***** DATA FOR THE TASK
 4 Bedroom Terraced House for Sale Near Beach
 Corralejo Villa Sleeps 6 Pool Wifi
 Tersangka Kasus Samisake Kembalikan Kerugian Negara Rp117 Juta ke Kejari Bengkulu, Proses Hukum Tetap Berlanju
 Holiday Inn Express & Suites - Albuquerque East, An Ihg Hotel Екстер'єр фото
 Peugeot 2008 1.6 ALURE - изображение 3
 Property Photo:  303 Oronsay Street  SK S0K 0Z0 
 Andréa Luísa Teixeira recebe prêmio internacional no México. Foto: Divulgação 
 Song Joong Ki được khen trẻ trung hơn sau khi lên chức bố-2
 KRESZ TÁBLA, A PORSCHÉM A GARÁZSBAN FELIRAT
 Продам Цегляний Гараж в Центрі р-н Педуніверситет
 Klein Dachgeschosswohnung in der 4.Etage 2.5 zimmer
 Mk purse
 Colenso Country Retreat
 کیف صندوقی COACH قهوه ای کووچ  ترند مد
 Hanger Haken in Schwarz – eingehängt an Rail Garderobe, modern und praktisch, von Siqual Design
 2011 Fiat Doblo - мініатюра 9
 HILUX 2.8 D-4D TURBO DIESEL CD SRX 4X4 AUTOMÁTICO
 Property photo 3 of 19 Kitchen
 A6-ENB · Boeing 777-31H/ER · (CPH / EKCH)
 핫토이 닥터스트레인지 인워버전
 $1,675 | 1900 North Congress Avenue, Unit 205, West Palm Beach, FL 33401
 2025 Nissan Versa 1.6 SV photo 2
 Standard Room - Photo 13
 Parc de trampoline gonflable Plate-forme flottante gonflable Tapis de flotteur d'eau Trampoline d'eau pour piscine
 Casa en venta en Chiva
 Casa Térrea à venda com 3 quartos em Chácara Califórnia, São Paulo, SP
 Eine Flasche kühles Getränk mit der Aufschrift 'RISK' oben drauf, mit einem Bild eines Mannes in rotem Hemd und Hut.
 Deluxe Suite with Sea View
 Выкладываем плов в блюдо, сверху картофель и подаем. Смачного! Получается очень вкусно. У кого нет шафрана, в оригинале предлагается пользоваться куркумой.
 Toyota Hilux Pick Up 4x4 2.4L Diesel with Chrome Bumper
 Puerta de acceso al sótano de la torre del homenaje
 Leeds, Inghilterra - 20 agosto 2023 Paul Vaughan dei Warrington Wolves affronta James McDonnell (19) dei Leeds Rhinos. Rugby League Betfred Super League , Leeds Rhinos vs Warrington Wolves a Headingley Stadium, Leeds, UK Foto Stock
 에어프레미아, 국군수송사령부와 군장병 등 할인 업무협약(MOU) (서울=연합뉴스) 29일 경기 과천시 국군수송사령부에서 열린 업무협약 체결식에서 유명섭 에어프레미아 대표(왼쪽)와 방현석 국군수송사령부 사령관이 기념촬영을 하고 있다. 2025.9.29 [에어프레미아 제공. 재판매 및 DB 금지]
**********
- **TRY IT**
Copy out every line in the records where the word "Casa" is found.

- **FINAL ANSWER**
 Casa en venta en Chiva
 Casa Térrea à venda com 3 quartos em Chácara Califórnia, São Paulo, SP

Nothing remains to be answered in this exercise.